▶ [Dataset excerpt]:
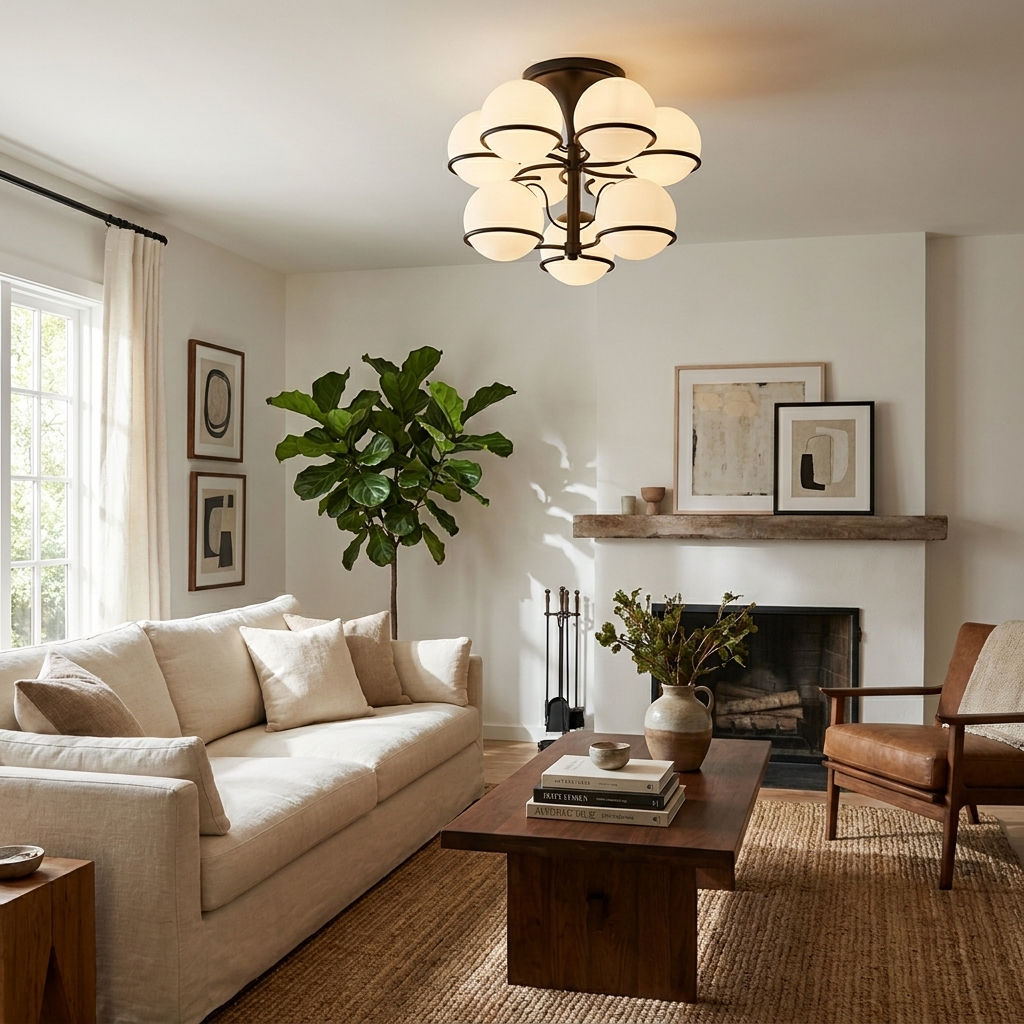 Opal Glass Globe Semiflush Chandelier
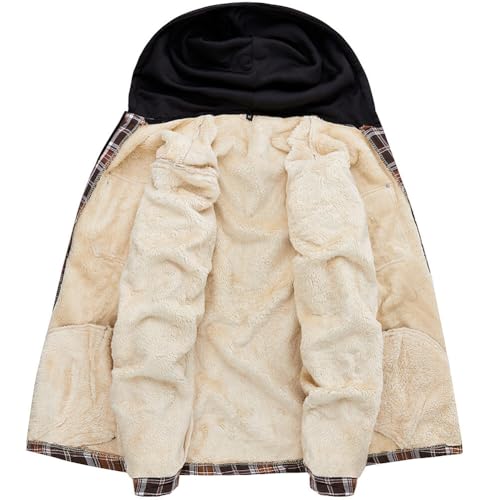 Men's Winter Cotton Plaid Shirts Jacket Warm Fleece Lined Flannel Hooded Shirt Jacket Coat for Men2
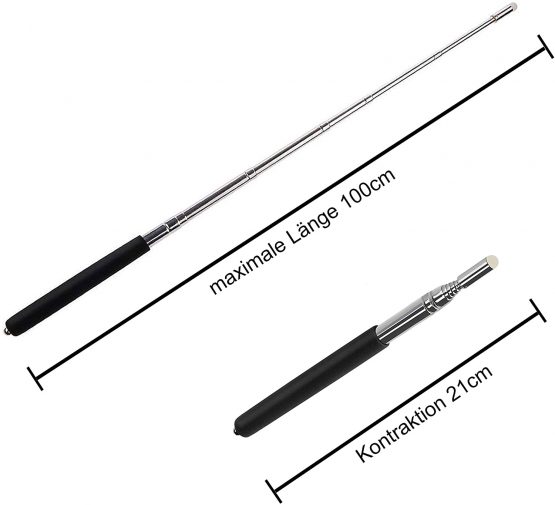 TANCUDER Telescoping Teachers Pointer Retractable Hand Pointer Extendable Classroom Whiteboard Presenter Coach lecture Teaching Pointer Stick with Lanyard & Felt Nib Extends to 39" for Presentations - Image 2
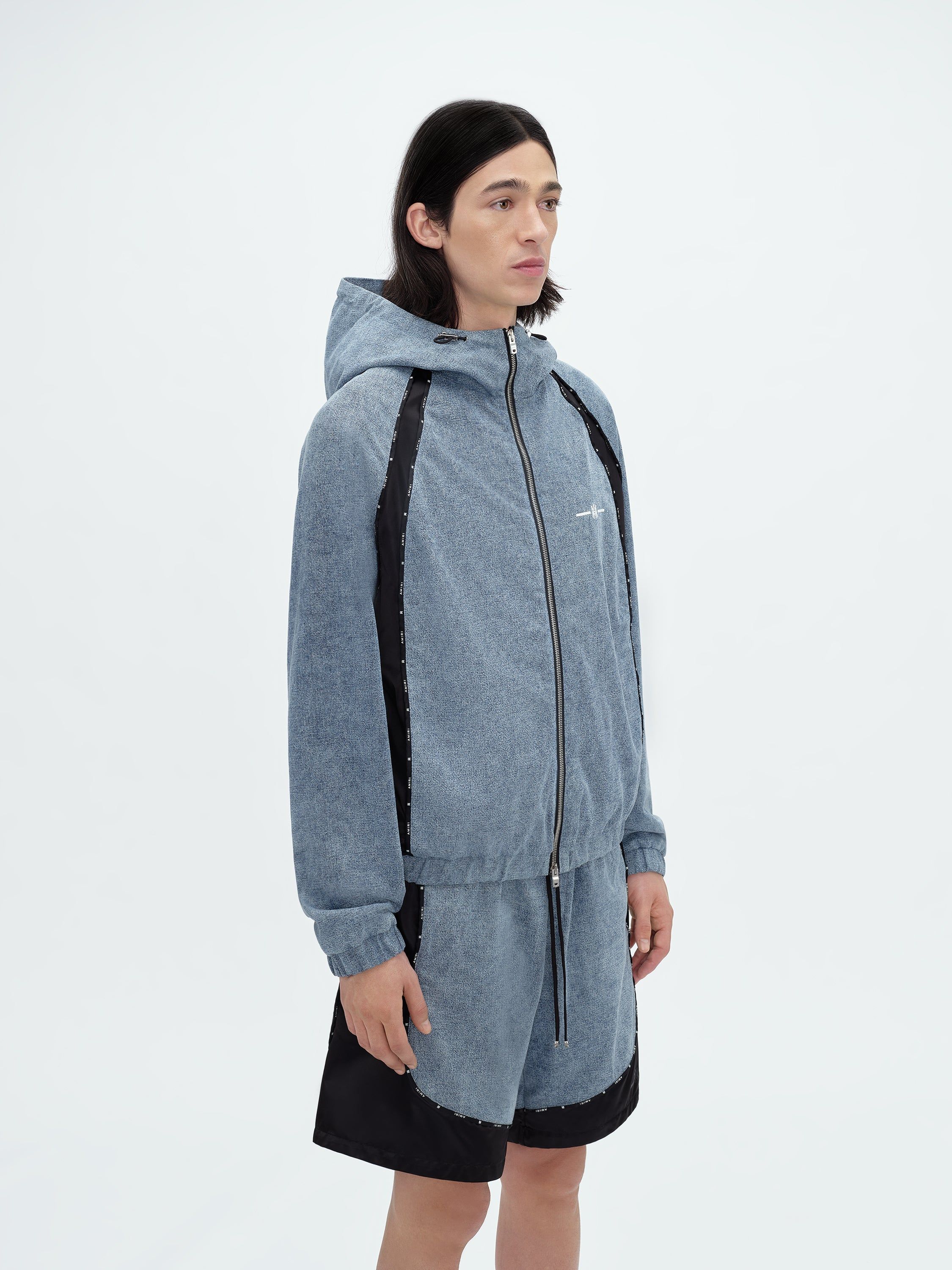 SATIN/DENIM TRACK JACKET - LIGHT INDIGO sold by AMIRI product image thumbnail 3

▶ [Assignment]: Where the data includes pictures, leave them out and write out everything else exactly.

▶ [Result of this task]:
 Opal Glass Globe Semiflush Chandelier
 Men's Winter Cotton Plaid Shirts Jacket Warm Fleece Lined Flannel Hooded Shirt Jacket Coat for Men2
 TANCUDER Telescoping Teachers Pointer Retractable Hand Pointer Extendable Classroom Whiteboard Presenter Coach lecture Teaching Pointer Stick with Lanyard & Felt Nib Extends to 39" for Presentations - Image 2
 SATIN/DENIM TRACK JACKET - LIGHT INDIGO sold by AMIRI product image thumbnail 3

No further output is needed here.